The first line of the data below and every line after it, through the one with "Funda JEEHOOD J05", must be transcribed without change.

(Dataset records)

━━━━━━━━

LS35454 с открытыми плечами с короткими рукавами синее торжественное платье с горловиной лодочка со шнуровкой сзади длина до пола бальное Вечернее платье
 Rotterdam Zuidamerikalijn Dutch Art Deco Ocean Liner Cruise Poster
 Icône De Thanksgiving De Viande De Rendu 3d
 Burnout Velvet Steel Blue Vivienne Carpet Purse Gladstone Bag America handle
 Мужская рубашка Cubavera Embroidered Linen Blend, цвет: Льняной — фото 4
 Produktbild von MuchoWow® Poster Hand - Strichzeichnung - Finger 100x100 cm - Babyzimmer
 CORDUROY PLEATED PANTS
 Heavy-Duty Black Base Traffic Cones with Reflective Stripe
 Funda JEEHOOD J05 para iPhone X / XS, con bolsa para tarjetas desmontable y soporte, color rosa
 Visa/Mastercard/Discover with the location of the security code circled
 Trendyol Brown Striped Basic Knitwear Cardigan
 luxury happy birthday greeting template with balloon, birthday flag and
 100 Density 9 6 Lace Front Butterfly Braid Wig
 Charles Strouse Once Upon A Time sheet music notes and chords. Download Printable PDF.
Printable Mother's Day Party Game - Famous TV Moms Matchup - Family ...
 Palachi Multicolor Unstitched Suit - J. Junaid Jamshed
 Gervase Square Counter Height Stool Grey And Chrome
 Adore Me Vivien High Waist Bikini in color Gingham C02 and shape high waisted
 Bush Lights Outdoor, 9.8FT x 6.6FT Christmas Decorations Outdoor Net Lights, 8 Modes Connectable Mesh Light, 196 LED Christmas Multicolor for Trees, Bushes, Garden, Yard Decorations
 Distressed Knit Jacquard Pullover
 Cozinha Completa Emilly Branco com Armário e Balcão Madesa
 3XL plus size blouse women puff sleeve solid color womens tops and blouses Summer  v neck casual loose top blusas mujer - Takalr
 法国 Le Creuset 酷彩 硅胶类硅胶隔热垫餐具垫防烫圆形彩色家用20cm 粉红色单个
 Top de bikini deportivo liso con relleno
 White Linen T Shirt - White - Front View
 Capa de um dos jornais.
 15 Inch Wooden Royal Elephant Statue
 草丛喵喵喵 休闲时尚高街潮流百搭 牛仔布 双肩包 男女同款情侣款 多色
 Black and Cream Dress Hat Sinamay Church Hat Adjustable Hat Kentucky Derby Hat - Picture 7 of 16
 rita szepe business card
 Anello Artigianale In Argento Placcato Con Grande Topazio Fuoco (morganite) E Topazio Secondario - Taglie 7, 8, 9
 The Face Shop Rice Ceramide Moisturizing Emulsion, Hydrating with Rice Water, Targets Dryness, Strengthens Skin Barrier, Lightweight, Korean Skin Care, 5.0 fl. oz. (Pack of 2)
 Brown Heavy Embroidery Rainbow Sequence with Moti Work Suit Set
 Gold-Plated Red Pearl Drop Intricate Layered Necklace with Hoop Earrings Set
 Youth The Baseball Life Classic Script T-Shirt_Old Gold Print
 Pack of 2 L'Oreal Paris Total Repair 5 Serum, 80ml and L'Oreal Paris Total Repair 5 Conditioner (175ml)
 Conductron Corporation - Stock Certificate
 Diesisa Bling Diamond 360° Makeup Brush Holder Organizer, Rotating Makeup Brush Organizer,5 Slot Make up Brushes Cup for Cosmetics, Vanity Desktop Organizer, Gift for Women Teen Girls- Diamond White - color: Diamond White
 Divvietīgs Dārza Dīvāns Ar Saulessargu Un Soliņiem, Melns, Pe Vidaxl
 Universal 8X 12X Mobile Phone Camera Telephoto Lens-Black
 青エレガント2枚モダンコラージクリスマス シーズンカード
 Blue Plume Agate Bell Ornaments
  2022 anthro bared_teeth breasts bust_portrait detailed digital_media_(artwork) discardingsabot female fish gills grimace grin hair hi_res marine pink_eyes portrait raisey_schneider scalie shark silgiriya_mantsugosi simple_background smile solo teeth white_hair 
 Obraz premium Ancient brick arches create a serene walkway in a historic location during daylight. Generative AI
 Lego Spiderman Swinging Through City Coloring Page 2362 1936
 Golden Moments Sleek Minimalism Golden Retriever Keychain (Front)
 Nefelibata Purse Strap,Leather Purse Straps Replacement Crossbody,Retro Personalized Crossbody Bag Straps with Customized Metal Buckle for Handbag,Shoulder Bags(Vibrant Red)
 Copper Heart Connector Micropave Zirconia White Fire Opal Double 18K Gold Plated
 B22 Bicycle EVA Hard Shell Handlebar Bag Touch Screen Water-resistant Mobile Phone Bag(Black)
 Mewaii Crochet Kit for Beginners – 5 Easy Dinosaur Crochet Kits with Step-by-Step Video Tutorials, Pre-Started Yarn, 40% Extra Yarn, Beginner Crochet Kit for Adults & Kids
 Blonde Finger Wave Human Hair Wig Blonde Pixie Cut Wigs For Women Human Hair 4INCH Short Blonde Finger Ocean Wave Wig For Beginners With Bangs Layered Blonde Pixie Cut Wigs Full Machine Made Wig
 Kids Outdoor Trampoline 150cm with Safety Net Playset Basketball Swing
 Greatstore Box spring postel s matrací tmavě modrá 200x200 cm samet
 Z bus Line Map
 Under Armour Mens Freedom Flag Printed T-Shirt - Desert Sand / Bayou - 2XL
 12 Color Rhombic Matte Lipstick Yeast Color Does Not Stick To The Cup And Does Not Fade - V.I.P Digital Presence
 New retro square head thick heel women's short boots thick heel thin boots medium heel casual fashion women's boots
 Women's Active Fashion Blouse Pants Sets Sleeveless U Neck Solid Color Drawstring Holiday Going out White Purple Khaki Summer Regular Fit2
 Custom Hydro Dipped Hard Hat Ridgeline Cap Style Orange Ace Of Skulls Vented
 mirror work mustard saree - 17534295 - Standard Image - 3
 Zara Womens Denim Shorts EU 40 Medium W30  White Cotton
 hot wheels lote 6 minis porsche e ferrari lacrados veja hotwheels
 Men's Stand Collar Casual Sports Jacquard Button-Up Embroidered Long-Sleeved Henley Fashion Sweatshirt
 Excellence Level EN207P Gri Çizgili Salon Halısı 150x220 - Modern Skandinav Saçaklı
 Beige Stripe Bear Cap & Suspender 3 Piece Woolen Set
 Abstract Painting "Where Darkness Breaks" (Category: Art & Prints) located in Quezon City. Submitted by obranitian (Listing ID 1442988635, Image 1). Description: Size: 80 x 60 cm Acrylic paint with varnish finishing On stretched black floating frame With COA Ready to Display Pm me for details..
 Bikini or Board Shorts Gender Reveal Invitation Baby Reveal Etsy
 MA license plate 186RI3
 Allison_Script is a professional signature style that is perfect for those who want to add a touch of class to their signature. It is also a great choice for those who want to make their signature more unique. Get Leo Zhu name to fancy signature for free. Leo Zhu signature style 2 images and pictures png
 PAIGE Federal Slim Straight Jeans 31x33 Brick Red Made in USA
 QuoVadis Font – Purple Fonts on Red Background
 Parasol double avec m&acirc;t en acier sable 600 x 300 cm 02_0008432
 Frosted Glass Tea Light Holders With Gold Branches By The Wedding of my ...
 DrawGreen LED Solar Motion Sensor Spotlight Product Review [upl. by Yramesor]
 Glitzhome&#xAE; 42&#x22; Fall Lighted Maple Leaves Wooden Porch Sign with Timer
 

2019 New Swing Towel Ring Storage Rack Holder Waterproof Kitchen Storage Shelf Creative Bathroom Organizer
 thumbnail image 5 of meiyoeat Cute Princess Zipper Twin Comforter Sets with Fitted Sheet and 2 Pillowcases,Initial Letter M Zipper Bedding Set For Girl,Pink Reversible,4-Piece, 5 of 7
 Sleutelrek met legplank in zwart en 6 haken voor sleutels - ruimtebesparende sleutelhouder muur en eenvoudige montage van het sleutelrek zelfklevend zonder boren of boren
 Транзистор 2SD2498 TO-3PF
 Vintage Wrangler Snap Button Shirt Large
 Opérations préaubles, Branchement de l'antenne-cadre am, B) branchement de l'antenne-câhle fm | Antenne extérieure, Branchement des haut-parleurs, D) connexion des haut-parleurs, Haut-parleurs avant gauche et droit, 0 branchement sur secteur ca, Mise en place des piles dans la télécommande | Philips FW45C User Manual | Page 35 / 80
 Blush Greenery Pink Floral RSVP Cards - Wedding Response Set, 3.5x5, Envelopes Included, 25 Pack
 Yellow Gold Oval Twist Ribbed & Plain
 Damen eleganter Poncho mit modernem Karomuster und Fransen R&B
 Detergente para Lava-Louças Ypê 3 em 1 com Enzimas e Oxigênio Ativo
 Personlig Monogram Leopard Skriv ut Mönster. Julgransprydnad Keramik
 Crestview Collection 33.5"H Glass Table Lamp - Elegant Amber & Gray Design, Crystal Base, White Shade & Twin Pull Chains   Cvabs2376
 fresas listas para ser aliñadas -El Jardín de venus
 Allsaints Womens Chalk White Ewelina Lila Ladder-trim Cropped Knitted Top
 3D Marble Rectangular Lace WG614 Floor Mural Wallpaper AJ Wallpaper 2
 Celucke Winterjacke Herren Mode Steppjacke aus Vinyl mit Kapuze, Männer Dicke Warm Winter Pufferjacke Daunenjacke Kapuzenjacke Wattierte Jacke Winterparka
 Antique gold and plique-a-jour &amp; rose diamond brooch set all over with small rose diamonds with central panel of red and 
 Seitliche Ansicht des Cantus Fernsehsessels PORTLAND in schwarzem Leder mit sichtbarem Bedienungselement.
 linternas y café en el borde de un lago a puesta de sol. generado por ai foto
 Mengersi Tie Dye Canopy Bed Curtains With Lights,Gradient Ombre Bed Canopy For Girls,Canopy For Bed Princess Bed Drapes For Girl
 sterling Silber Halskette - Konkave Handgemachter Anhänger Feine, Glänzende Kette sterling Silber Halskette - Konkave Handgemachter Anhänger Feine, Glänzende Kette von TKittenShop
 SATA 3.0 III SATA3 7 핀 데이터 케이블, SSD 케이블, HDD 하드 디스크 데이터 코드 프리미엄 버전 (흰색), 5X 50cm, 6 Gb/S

━━━━━━━━

# SOLUTION BELOW
LS35454 с открытыми плечами с короткими рукавами синее торжественное платье с горловиной лодочка со шнуровкой сзади длина до пола бальное Вечернее платье
 Rotterdam Zuidamerikalijn Dutch Art Deco Ocean Liner Cruise Poster
 Icône De Thanksgiving De Viande De Rendu 3d
 Burnout Velvet Steel Blue Vivienne Carpet Purse Gladstone Bag America handle
 Мужская рубашка Cubavera Embroidered Linen Blend, цвет: Льняной — фото 4
 Produktbild von MuchoWow® Poster Hand - Strichzeichnung - Finger 100x100 cm - Babyzimmer
 CORDUROY PLEATED PANTS
 Heavy-Duty Black Base Traffic Cones with Reflective Stripe
 Funda JEEHOOD J05 para iPhone X / XS, con bolsa para tarjetas desmontable y soporte, color rosa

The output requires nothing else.